The current agreement, Andrew, with Twilio, is that only for North American volume, or is it elsewhere?

Andrew Davies (38:27):

That’s correct. Right now, Michael, the immediate agreement is just for North America volumes, but as I noted, we’re going to be seriously in interested in expanding that framework agreement, from being just in North America to a global one. And we have direct connections to carriers, especially in Asia Pacific, that could further improve their quality at scale.

Andrew Davies (38:50):

We want to be able to walk before we run, and we’re making the investments necessary to upgrade our systems and platforms to provide extra assurance of offering the high quality that we are known for. We have only nascent X, North American revenue with Twilio right now, and those volumes, if they cam could be highly incremental to us and would be all upside compared to what’s in our forecasts. So it’s something that we’re going to start exploring with them after the transaction closes, so possibly later in 2022, and this could be a big win-win for both sides.

Michael Bowen (39:23):

Okay, got it.
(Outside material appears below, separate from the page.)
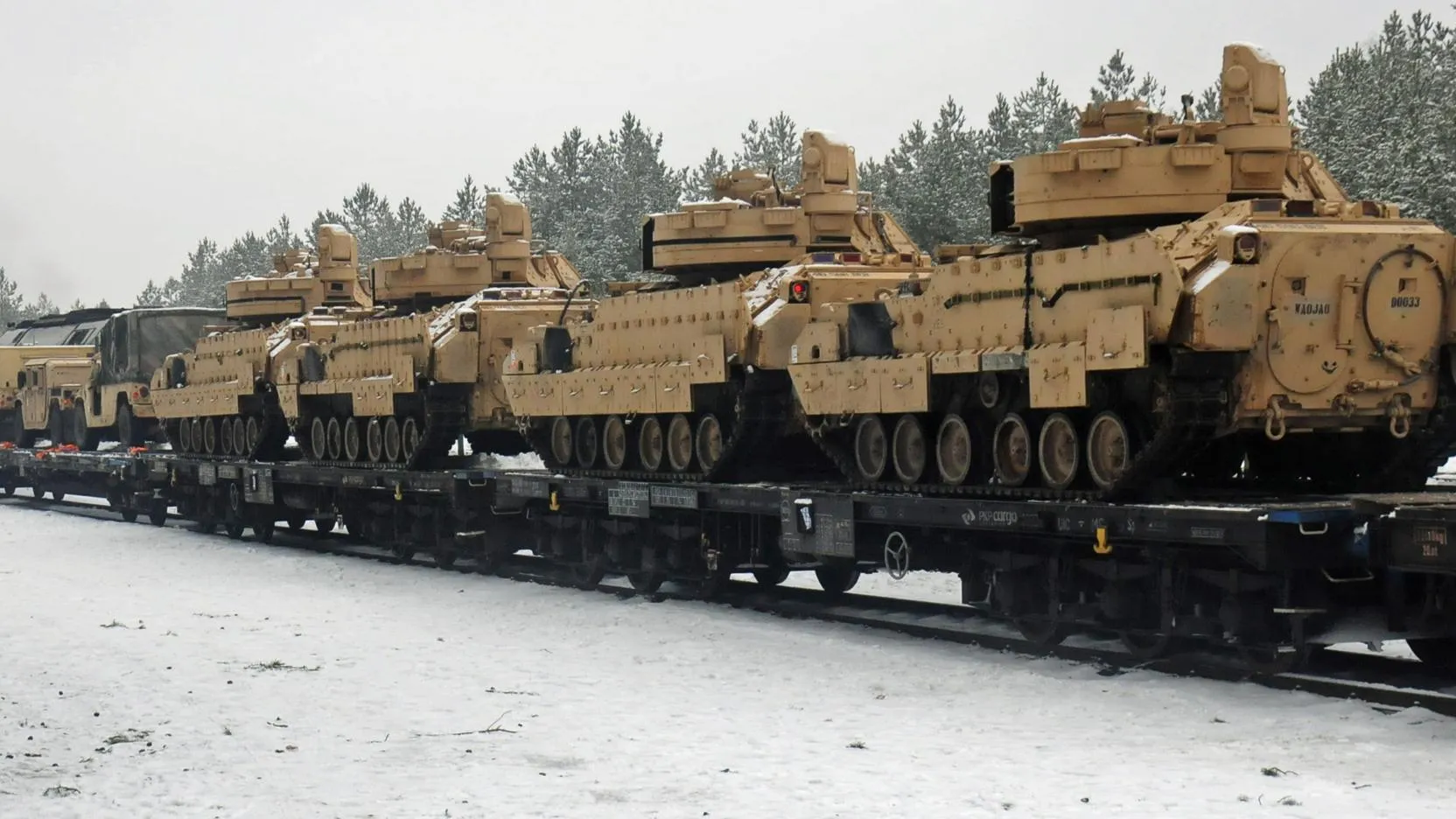 U.S. Department of Defense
Understood. So then, geographically, how diversified is the company at this point?

Andrew Davies (39:31):

Yeah, so if you look at our revenue pool today, you’ll see that we’re in the mid to high 50% range, generated from North American based customers. Important to note here that when I talk about this, I’m talking about just where the customer’s billing record, if you will, is located, not where the traffic actually goes. So when you look at it by business unit, you get a slightly different picture, actually. In carrier, we are much more dispersed across the globe. Well, our enterprise business is much more weighted towards North America right now. That really has more to do with our long history of being highly North American centric over time, and how we’ve historically invested in the business. EMEA and CALA together comprised a bit less than 20% of revenue and less our growth share, but we have some initiatives and lots of room to expand in those geographies where we feel we’re somewhat under indexed.

Michael Bowen (40:28):

Got it. So then, with the growth in messaging, as you stated earlier, being really underpinned by your IPX network, who then do you compete against in that arena?

Andrew Davies (40:41):

Well, first of all, Michael, there is no one, really, who is absolutely and directly compatible with Syniverse, both in terms of the breadth and depth of services that we provide to the entire mobile ecosystem, nor with the quality and robustness that we provide those services. And certainly no one has anything close to our IPX network in terms of quality and connections.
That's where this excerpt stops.